Vi fornisco tre esempi che accadono quotidianamente e che si possono prevenire con Zefix:

 

  1. Il debitore non fornisce le generalità dell’azienda in modo corretto: nome errato, SA al posto di SAGL o individuale, indirizzo sede e fatturazione non corretto. Sapete cosa accade? Avete fatturato ad una società “diversa/ non esistente” da quella del debitore e pertanto anche davanti un giudice perdereste la causa. Quanto tempo serve per verificare l’informazione in Zefix? Meno di 1 minuto!
  2. Contratti o conferme d’ordine firmati da soggetti senza alcun diritto di firma. Anche in questo caso perdereste la causa. Quanto tempo serve per verificare l’informazione in Zefix? Meno di 2 minuti!
  3. Soggetto debitore in liquidazione che continua ad ordinare merce. Sembra folle, ma ho incontrato diverse società che inviavano merce a società fallite oltre Gottardo! Quanto tempo serve per verificare l’informazione in Zefix? Meno di 1 minuto!

 

Vi segnalo ora una delle ultime truffe avvenute in Ticino: un soggetto si è recato presso diversi punti vendita ordinando e ritirando merce per conto di una società esistente fornendo a garanzia della propria solvibilità il proprio estratto esecuzioni: ma questo era falso e la società ignara di cosa stava succedendo!

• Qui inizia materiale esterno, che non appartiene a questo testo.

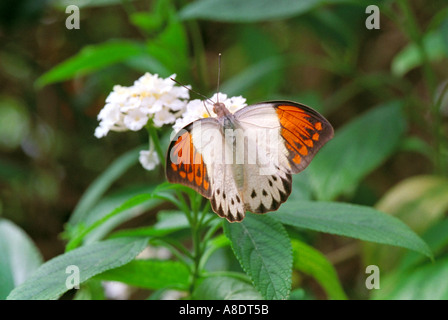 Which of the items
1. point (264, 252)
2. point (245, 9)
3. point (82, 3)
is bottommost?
point (264, 252)

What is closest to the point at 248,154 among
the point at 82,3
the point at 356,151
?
the point at 356,151

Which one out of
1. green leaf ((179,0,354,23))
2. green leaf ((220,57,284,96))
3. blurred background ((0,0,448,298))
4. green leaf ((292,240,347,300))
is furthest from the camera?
blurred background ((0,0,448,298))

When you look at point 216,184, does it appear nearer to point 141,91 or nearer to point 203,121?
point 203,121

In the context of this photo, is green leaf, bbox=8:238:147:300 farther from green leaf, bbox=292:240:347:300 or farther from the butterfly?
green leaf, bbox=292:240:347:300

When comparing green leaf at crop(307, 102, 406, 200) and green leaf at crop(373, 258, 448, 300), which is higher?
green leaf at crop(307, 102, 406, 200)

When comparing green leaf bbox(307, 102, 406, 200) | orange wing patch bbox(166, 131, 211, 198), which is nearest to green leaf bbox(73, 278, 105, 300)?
orange wing patch bbox(166, 131, 211, 198)

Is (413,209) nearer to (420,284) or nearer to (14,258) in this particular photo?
(420,284) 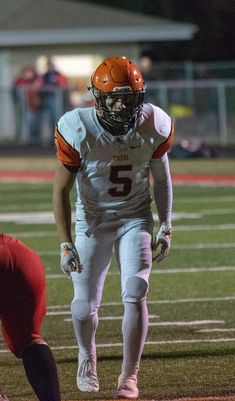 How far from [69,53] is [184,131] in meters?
6.50

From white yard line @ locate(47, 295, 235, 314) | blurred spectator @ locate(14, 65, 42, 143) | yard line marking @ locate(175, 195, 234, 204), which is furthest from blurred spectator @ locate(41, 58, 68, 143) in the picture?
white yard line @ locate(47, 295, 235, 314)

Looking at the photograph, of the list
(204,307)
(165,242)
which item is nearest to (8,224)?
(204,307)

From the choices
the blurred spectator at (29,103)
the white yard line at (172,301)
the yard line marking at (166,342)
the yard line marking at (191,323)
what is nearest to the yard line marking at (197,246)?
the white yard line at (172,301)

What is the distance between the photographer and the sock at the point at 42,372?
18.7 ft

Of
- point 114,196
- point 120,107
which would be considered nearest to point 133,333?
point 114,196

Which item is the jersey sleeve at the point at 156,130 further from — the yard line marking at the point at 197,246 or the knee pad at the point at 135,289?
the yard line marking at the point at 197,246

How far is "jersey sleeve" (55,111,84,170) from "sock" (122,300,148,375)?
773 mm

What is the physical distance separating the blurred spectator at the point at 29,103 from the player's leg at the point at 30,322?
24.0m

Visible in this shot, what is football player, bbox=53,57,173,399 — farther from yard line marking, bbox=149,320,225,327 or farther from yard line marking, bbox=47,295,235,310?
yard line marking, bbox=47,295,235,310

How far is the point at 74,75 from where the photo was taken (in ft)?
111

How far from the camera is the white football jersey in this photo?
23.0 ft

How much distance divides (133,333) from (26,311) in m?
1.38

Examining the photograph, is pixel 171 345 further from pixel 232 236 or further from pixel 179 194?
pixel 179 194

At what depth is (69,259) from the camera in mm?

State sempre all’erta! Una sola telefonata avrebbe svelato il trucco e salvato centinaia di migliaia di franchi!

Come se la passano i cantoni limitrofi? Per tornare sui numeri nel Moesano, ad esempio, i precetti verso le aziende sono passati da 513 nel 2012 a ben 1’342 nel 2016, ovvero sono quasi triplicati in 4 anni!

E ricordate: l’80% delle perdite si ha con i clienti abituali. La fiducia, l’amicizia, la relazione di lunga durata portano a commettere leggerezze e trovarsi con grossi buchi a fine anno. Facile? Assolutamente no, ma una buona dose di trasparenza e dialogo aiuta a tutelare la vostra società e i vostri utili.

Diamo una rapida occhiata anche alle nuove aperture: siamo passati da 236 a inizio 2012 alle 151 di quest’anno: quasi la metà (il dato tra l’altro è costante negli ultimi due anni). Altro segnale che il Cantone inizia a non essere attrattivo ed evidenzia evidenti difficoltà.

Come fare a tutelarsi? Ci sono tre buone abitudini da applicare sistematicamente:

prendere tempo: pochi minuti per un controllo anche basilare aiuta a ridurre le perdite fino al 40%. Sorrido quando sento dire: “nella nostra attività non abbiamo tempo”. E quanto tempo perdete successivamente per la verifica periodica dei debiti, invio di solleciti (con i relativi costi), telefonate al debitore, eventuale preparazione e compilazione di documenti per attivare una procedura di incasso e via discorrendo?

porsi sempre una domanda in più: la società esiste? Il nome della società è corretto? L’indirizzo di fatturazione coincide con quanto registrato? Chi ha potere di firma?

creare una buona cultura aziendale sul rischio (per tornare al punto di partenza): tutti i settori della società devono essere coinvolti per tutelare l’attività stessa e creare valore.

Ricordo un vecchio meme pubblicitario: prevenire è meglio che curare! Da quale parte volete stare? Prevenzione o cura?